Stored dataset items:
○ ○ ○ ○ ○

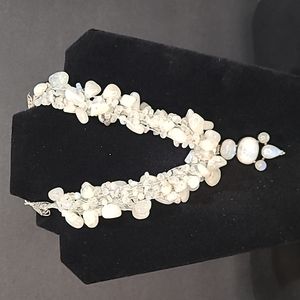 Chunky Authentic Rainbow Moonstone Sterling Silver Necklace Statement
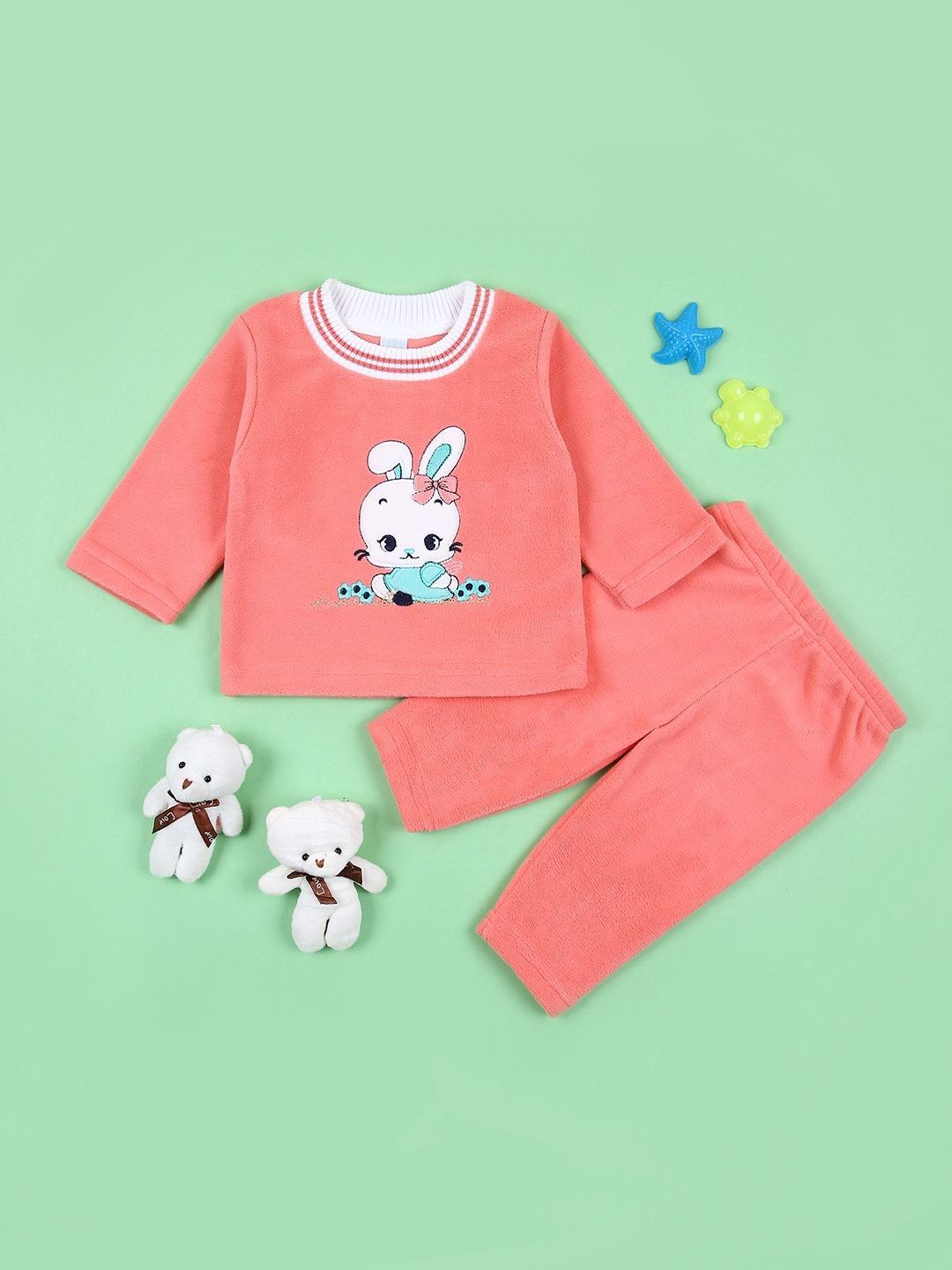 

V-Mart Girls Printed T-shirt with Pyjamas, Coral
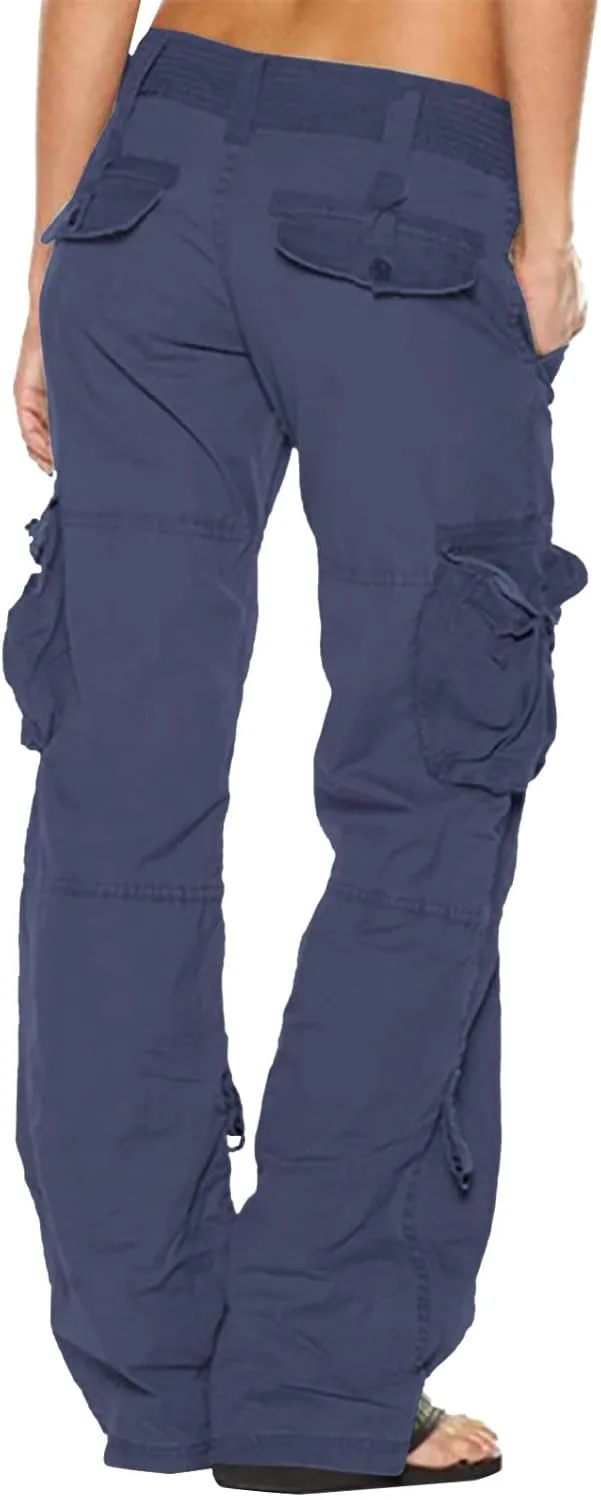 Women Cargo Pants Low Rise Tactical Pants Comfy Hiking Pants with Pockets Straight Leg Parachute Pants Long Trousers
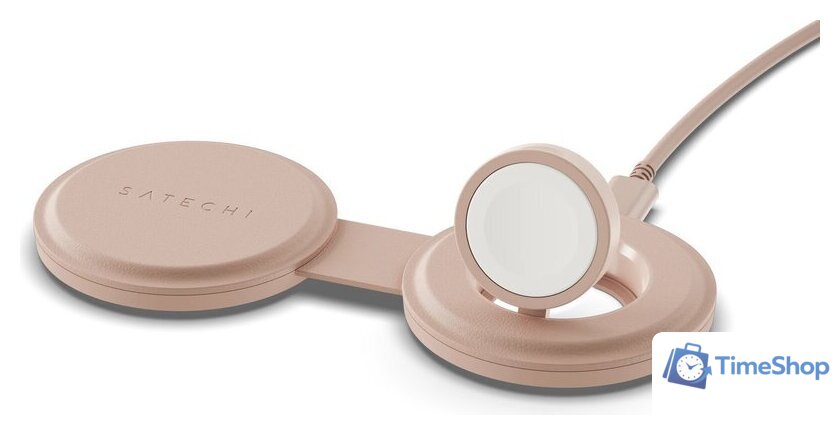 Беспроводное зарядное Satechi OntheGo 2-in-1 Charger ST-QTG21R (розовый) - Изображение №2 — Интернет-магазин Time-Shop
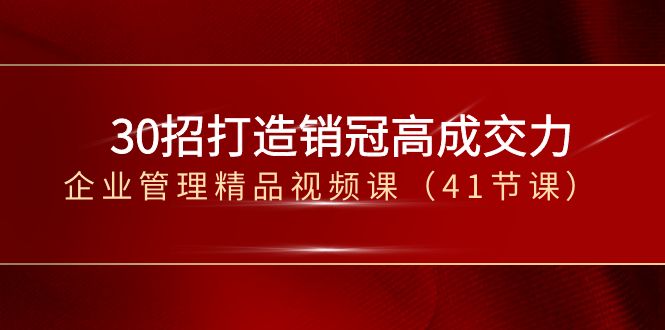30招-打造销冠高成交力-企业管理精品视频课（41节课）插图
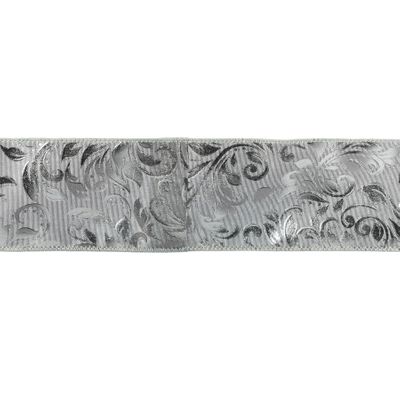 2.5" X 10Y Double Wired Silver Leaves Satin Ribbon Garland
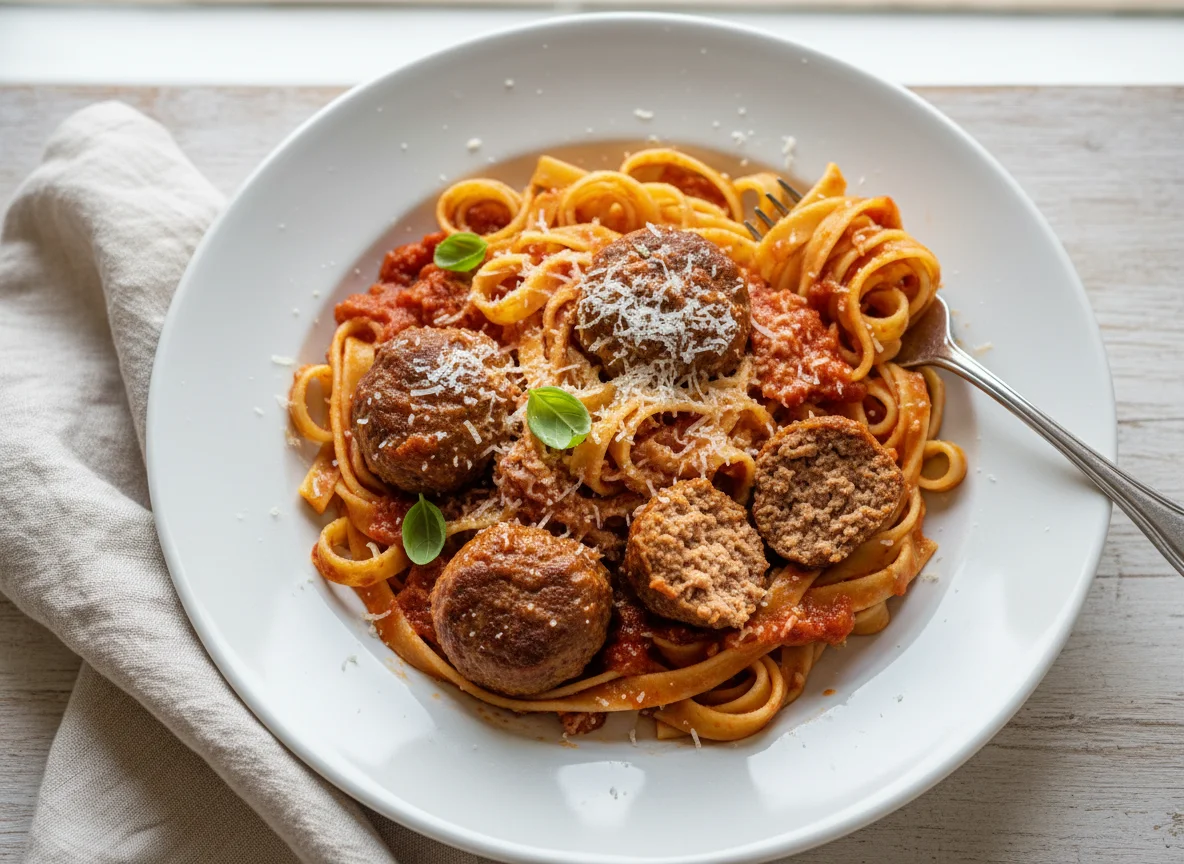 Tagliatelle with Meatballs and Tomato Sauce photo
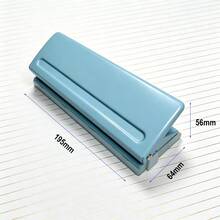 Adjustable 6-Hole Metal Hole Puncher, A5 A6 A7 6-Ring Hole Puncher With Positioning Mark, 6-Page Capacity Hole Puncher Suitable For Daily Planner, Personal, Schedule, Loose-Leaf Binder Refill Pages - A Blue - View 3
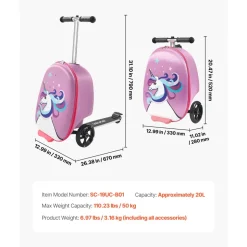 VEVOR Ride-on Luggage, 20 L Capacity, 20 Inches Kids Scooter Suitcase with Flash PU Wheels, Adjustable Handle & TPR Non-Slip Grip, Foldable & Lightweight Scooter Luggage for Kids Aged 5+, Purple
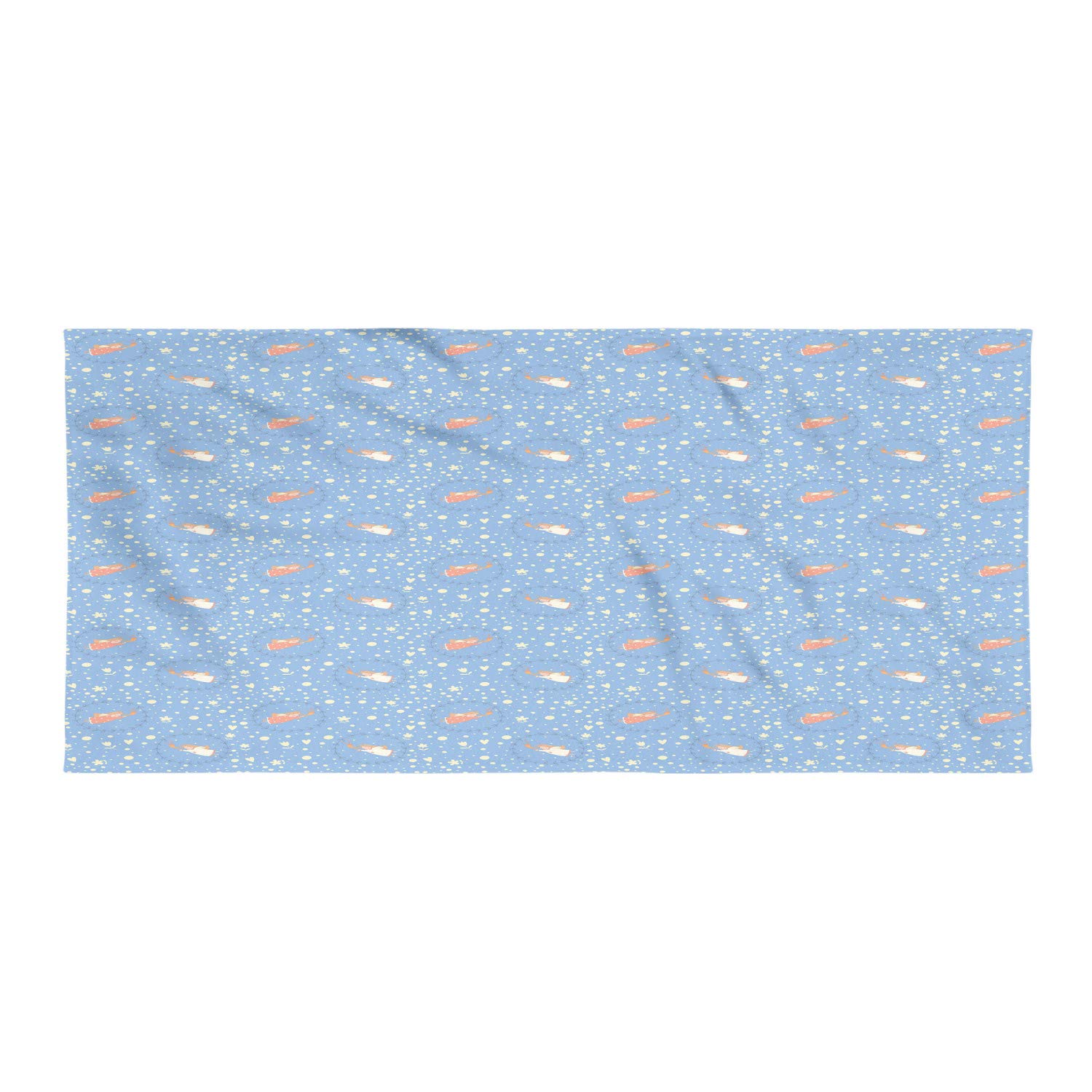 Ambesonne Quick Dry Microfiber Backpacking Towel - Christmas Angels Cartoon Pattern with Snowflakes & Flowers - Lightweight Compact Travel Towel for Camping, Hiking, Gym, Beach & Outdoor Activities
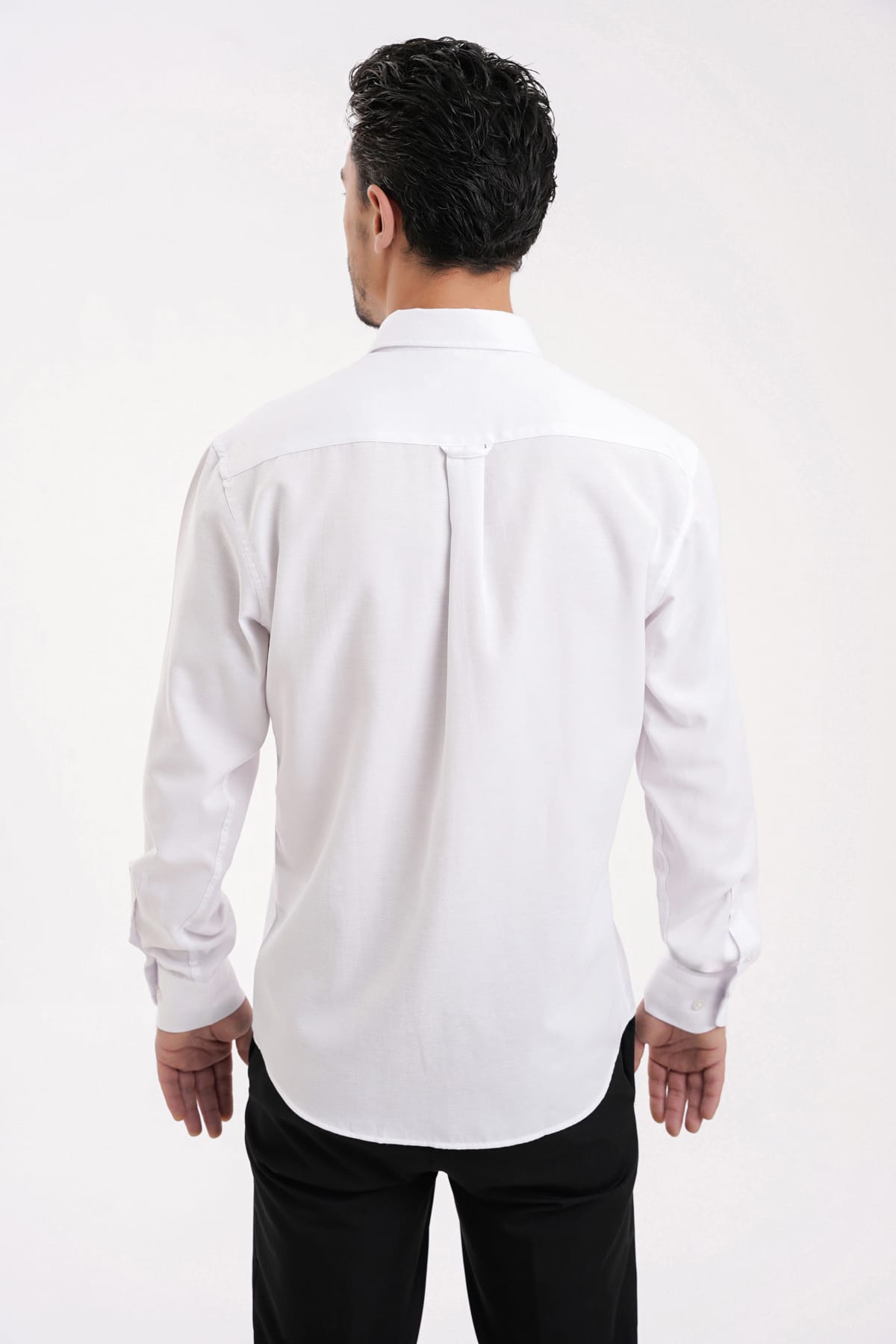 YİGİTTEKİN Düğmeli Yaka Slim Fit Oxford Gömlek Beyaz - Görsel 2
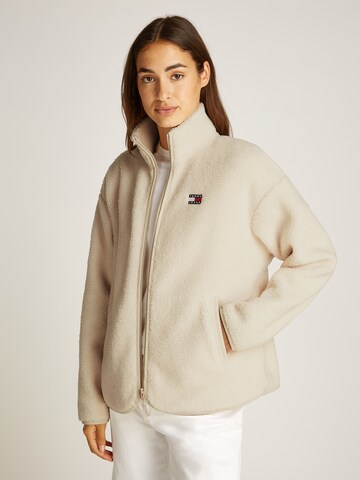 Tommy Jeans Ζακέτα φλις σε μπεζ: μπροστά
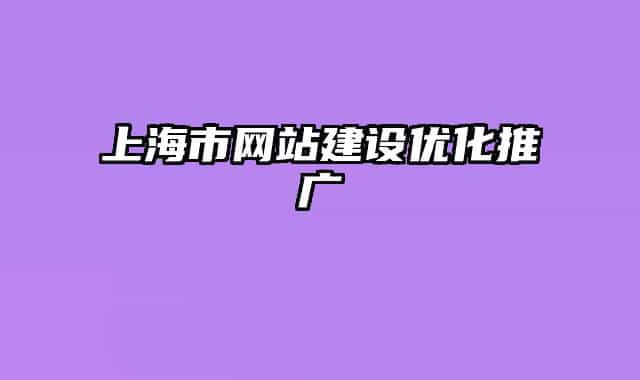 上海市网站建设优化推广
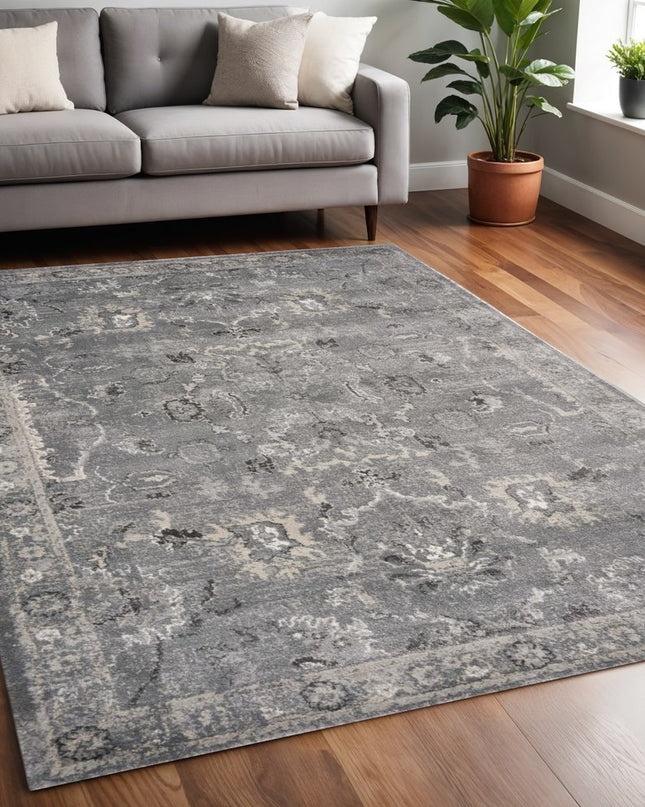 5' X 8' Gray And Light Gray Floral Medallion Area Rug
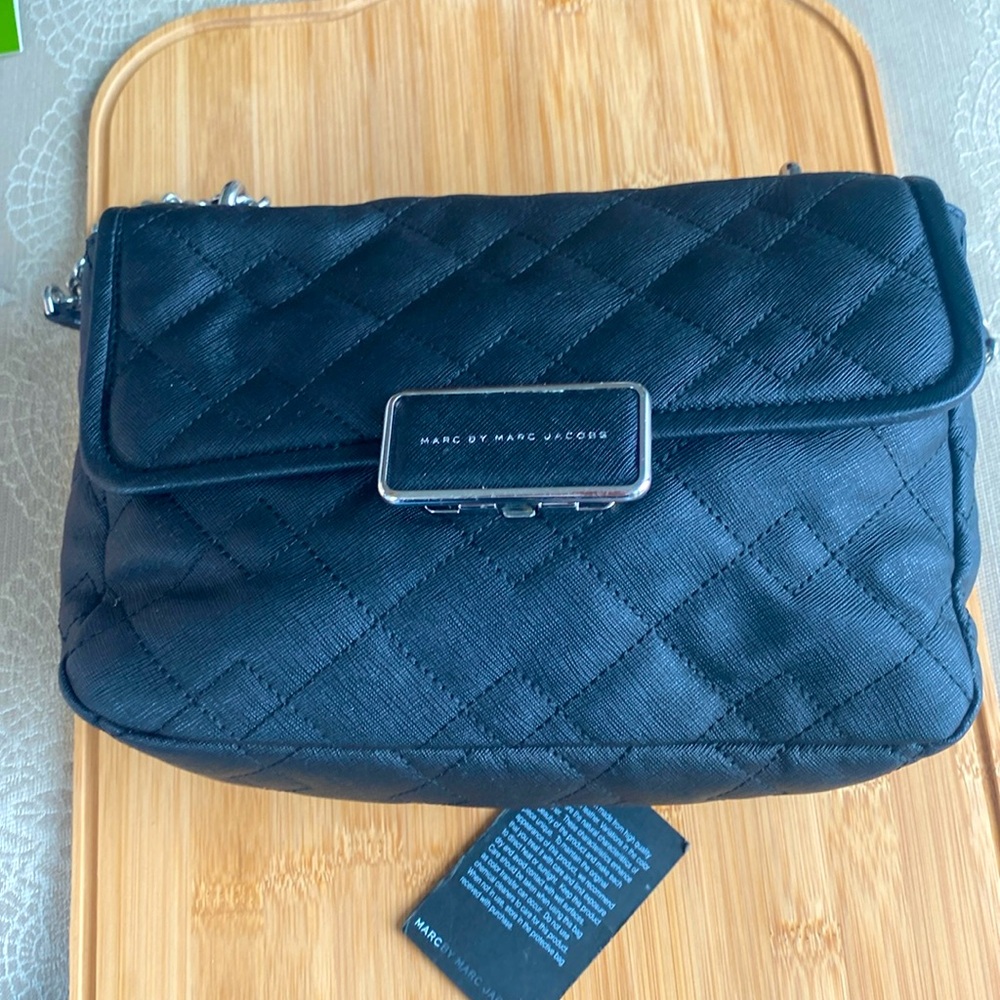 Marc By Marc Jacobs black quilted coated leather crossbody/shoulder bag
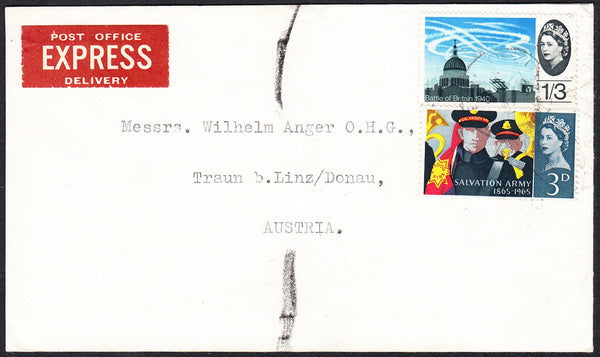 88949 - 1965? EXPRESS MAIL UK TO AUSTRIA. Envelope sent Express mail UK to Austria wit...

○ ○ ○ ○ ○

YOUR OBJECTIVE: Copy out the lines above from the line containing "30招-打造销冠高成交力-企业管理精品视频课（41节课）插图" through the line containing "Adjustable 6-Hole Metal", exactly, and keep the pictures out.

ANSWER TO THE EXERCISE:
30招-打造销冠高成交力-企业管理精品视频课（41节课）插图
 2.5" X 10Y Double Wired Silver Leaves Satin Ribbon Garland
 Tagliatelle with Meatballs and Tomato Sauce photo
 Adjustable 6-Hole Metal Hole Puncher, A5 A6 A7 6-Ring Hole Puncher With Positioning Mark, 6-Page Capacity Hole Puncher Suitable For Daily Planner, Personal, Schedule, Loose-Leaf Binder Refill Pages - A Blue - View 3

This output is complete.